My third approach was to average the last four space measurements.  I averaged space-1, space-2, space-3, and max (space-4, current) to get a very nice, clean space measurement.  This removed all the cyclical variation from the measurements and gave me a nice smooth curve, which you can see in the graph below.  My only concern was that at low speeds with deceleration the delay for measuring true speed could be significant.  The measured speed is always a couple of counts behind when averaging four values.  I decided that when the current space measurement exceeds 40,000 (1/1000 of a second), I will only use the last two spaces.  This trades a little variation for quicker response.  I may adjust this cutoff level later.

Speed - Four Pulses

Speed - Four Pulses

Now that I had a very accurate measurement of the spacing between the pulses, I had to convert it to speed.  I ended up using the new high throughput division available in LabVIEW 2009.  I was able to divide 40,000,000 (total counts per second) by the spacing to get pulses per second.  One nice thing is that the high throughput math works inside a single cycle timed loop.  There is a delay of 29 cycles between inputting the numbers and getting the answer, but that is a very short amount of time when each cycle is 25 ns.  Good enough for me!!!

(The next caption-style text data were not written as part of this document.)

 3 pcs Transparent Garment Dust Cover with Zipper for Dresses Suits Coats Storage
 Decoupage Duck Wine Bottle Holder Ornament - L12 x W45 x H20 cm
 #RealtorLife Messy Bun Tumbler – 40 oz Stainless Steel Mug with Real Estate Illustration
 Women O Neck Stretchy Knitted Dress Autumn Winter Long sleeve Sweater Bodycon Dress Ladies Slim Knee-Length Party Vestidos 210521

Now I feel I have very accurate measurements of current, position, and speed.  The next step will be adding PID control of the current.

On a side note, there is no noticeable noise in the encoder signals.  Apparently the combination of shielding and differential encoder inputs is enough to eliminate any noise issues.  This means I can run all the cables in the same track when I get some cable carrier, which will save me a little money.  If there was too much noise, I was considering using two cable carriers in opposite directions – one for the encoders and one for the motor cable.  I need to order the carrier soon, because the cables would get very tangled if the cart moves around much, and I am very close to moving the cart.

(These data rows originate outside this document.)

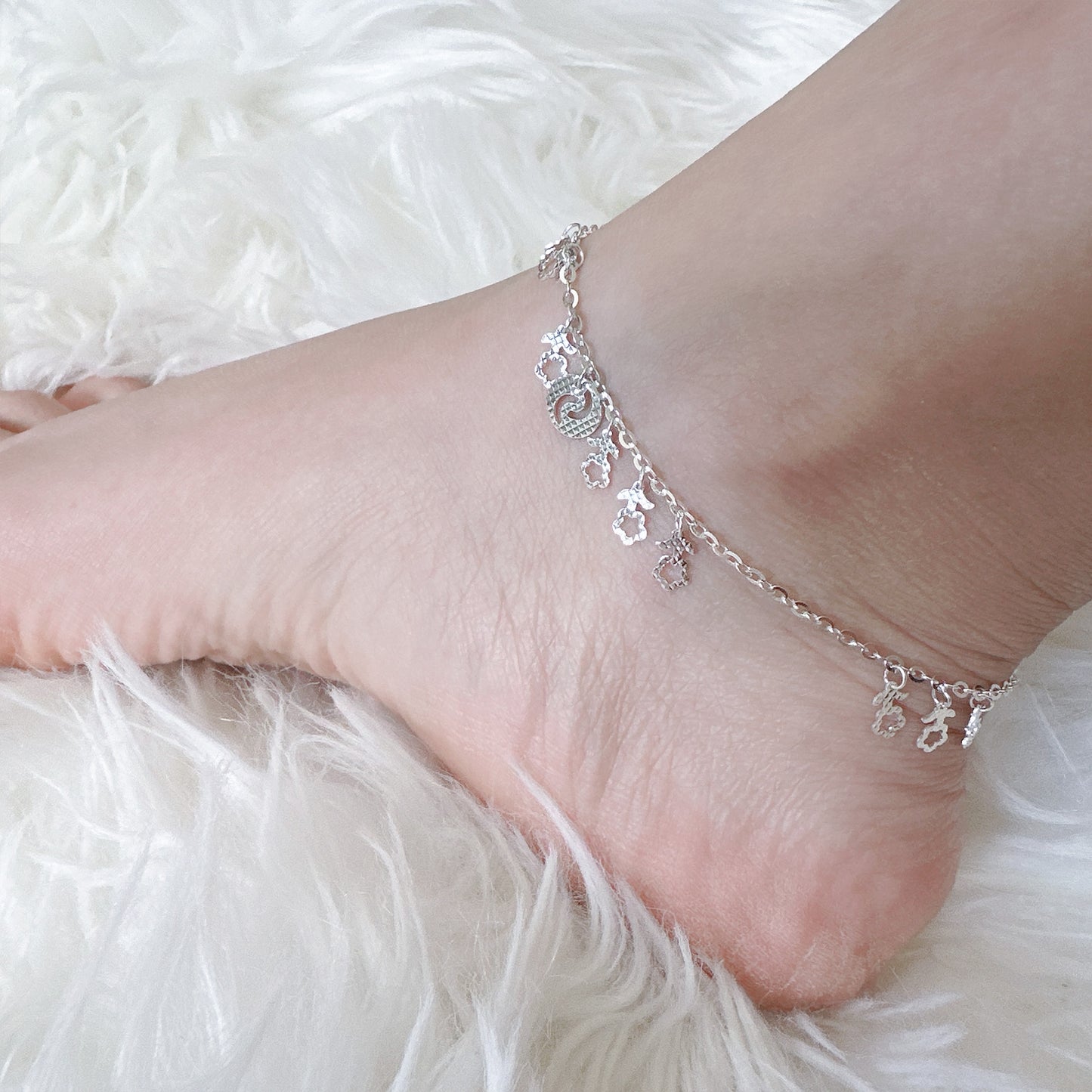 flower charms silver ankle bracelet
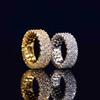 All Cz Around Triple Row Round Cz Iced Out Bling Gold Cz Men Ring
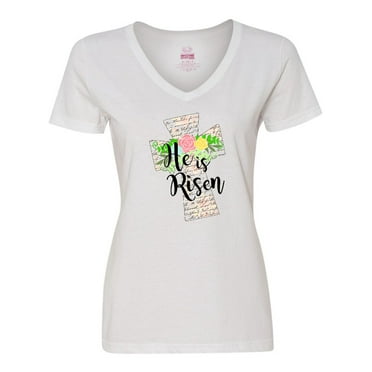 Inktastic He is Risen Cross with Script and Flowers Women's V-Neck T-Shirt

Even more current analysis

Tuesday, February 9th, 2010

I thought my plans for scaling the current and calculating the overall current would work well.  The exact factor of two was appealing – until I ran the motor in the other direction.  In that direction, the factor looked closer to 1.8, which totally confused me.  I was frustrated and decided to take a break for while.  In the meanwhile, I continued discussing my issues measuring current on the NI discussion forum.  Yesterday Eric from NI answered all my questions very clearly (see How is NI-9505 current sense measured? for details).  He explained that there are two resistors used to measure the current.  During the On cycle, the resistor that the current passes through depends on the direction of rotation.  During the Off cycle the current goes through both resistors, which makes the measured current twice the actual current and totally explains why the Off cycle was measuring about twice the On cycle.  The different factor for each direction of rotation is because the two resistors have slightly different values.  Once I realized this, I compared the waveforms and found out that for CW my 9505 module has an Off/On ratio of about 2.05, and for CCW the ratio is about 1.95.  Once these correction factors are applied, the On and Off cycles are almost exactly equal for both directions.  Therefore, my current measurement scheme will be:

  • Measure at the center of the Off cycle if the PWM < 30% (to avoid spike effects in small pulse widths) and leave the value as is.
  • Measure at the center of the On cycle if the PWM > 30%, and multiply it by the appropriate scaling factor (CW = 2.05, CCW = 1.95) to get it to match the Off cycle.

This will give me an accurate current measurement at any PWM and either direction.  The scaling factor for the current measurement will be 3.1 mA/count since I will have twice as many counts during the On cycle.

I believe this resolves my issues measuring current, so I can move on to the next step – reading the encoders to determine position, velocity, and acceleration.  I can also start programming a PID loop to control the current.